- **Extracted information**:
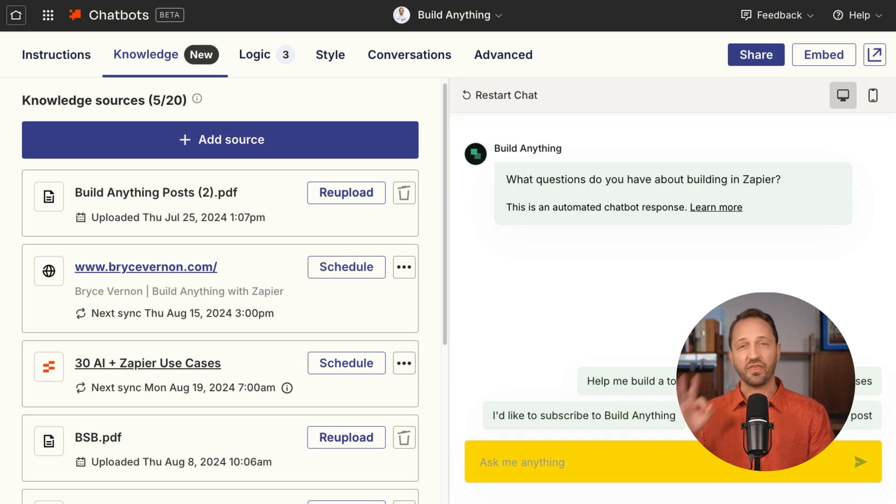With Zapier chatbots, you can add knowledge to make it even smarter. AI already knows so much about the internet, but with a chatbot you need to constrain it and direct it so that it can answer questions that your customers have about your company — perfect for a support chatbot that needs an FAQ list.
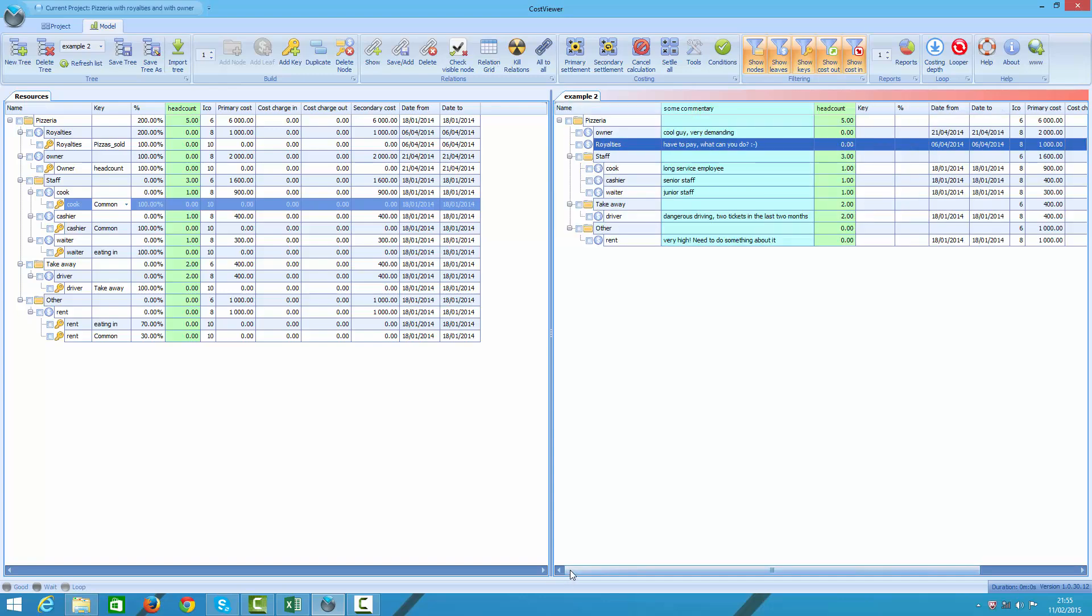However, what I am still missing here are the keys. I don't have them. Let's take a look at the third example then.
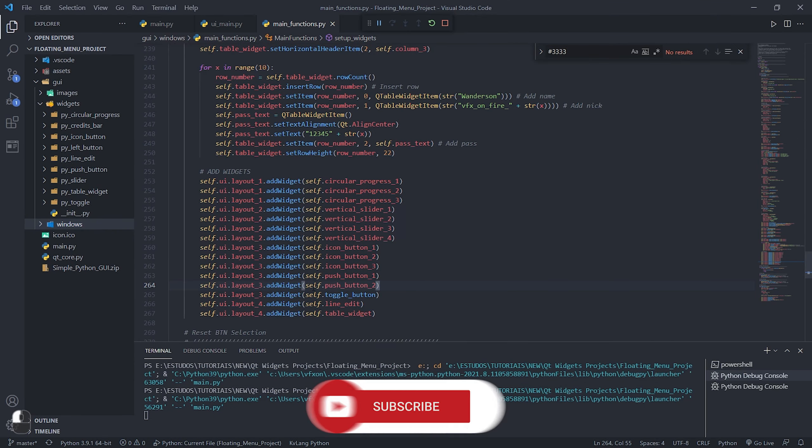All Patreon supporters will now be able to download this project for studies and also to use freely in their public or commercial projects. Thanks to all Patreon supporters for their contributions.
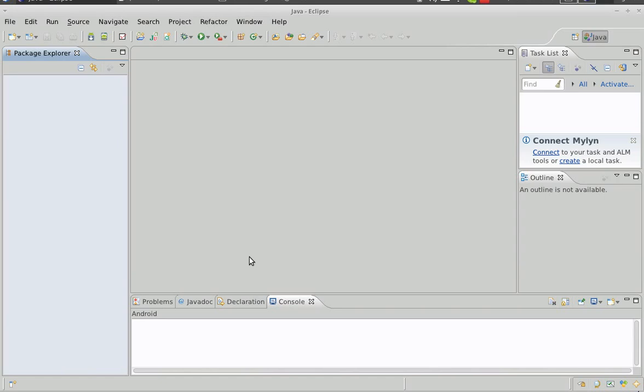We're going to look at loading resources in Java using the Eclipse IDE. Other IDEs work on similar principles, although use of the source tree might differ a little. So we start by creating a new project.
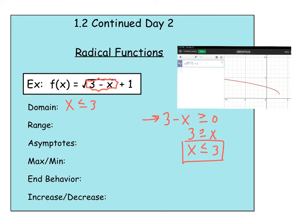So that's one trick for radical functions: take the expression under the square root and just set it greater than or equal to 0. Now for the range, if we take a look at this graph, notice its minimum y value — there's a point right there at 1. That's coming from the vertical shift. So the range of this would be all y values greater than or equal to 1.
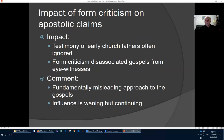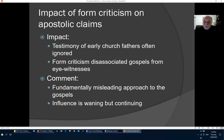What were the impacts of form criticism on the apostolic claims? The testimony of the early church fathers was often ignored, because the early church fathers said the gospels are derived from eyewitnesses — a thesis that didn't suit the form critics. So form criticism disassociated the gospels from the eyewitnesses. This ended up being a fundamentally misleading approach to the gospels. Form criticism's influence is waning, but it still continues to this day.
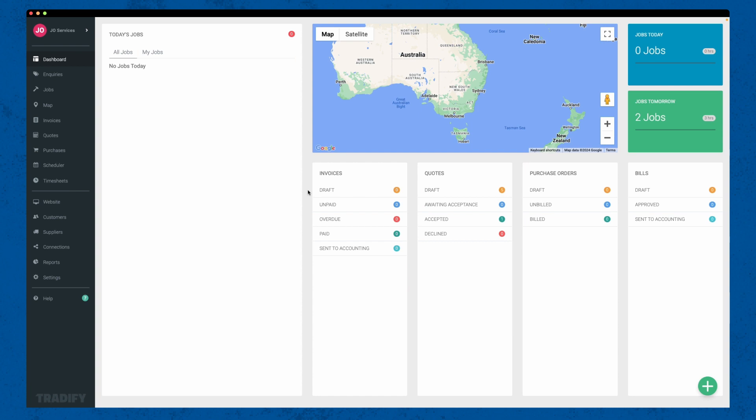These settings will get you all set up, allowing you to quickly create professional quotes and invoices, manage your jobs and schedule your team more efficiently. If you have any questions, visit our help centre, give us a shout or check out our other videos. Thanks for watching and we'll catch you soon.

- **The problem**: Exact repeat of the material above: every line from the one with "However, what I" through the one with "So that's one", endpoints included, and nothing more. No pictures.

- **Solution to the problem**:
However, what I am still missing here are the keys. I don't have them. Let's take a look at the third example then.
All Patreon supporters will now be able to download this project for studies and also to use freely in their public or commercial projects. Thanks to all Patreon supporters for their contributions.
We're going to look at loading resources in Java using the Eclipse IDE. Other IDEs work on similar principles, although use of the source tree might differ a little. So we start by creating a new project.
So that's one trick for radical functions: take the expression under the square root and just set it greater than or equal to 0. Now for the range, if we take a look at this graph, notice its minimum y value — there's a point right there at 1. That's coming from the vertical shift. So the range of this would be all y values greater than or equal to 1.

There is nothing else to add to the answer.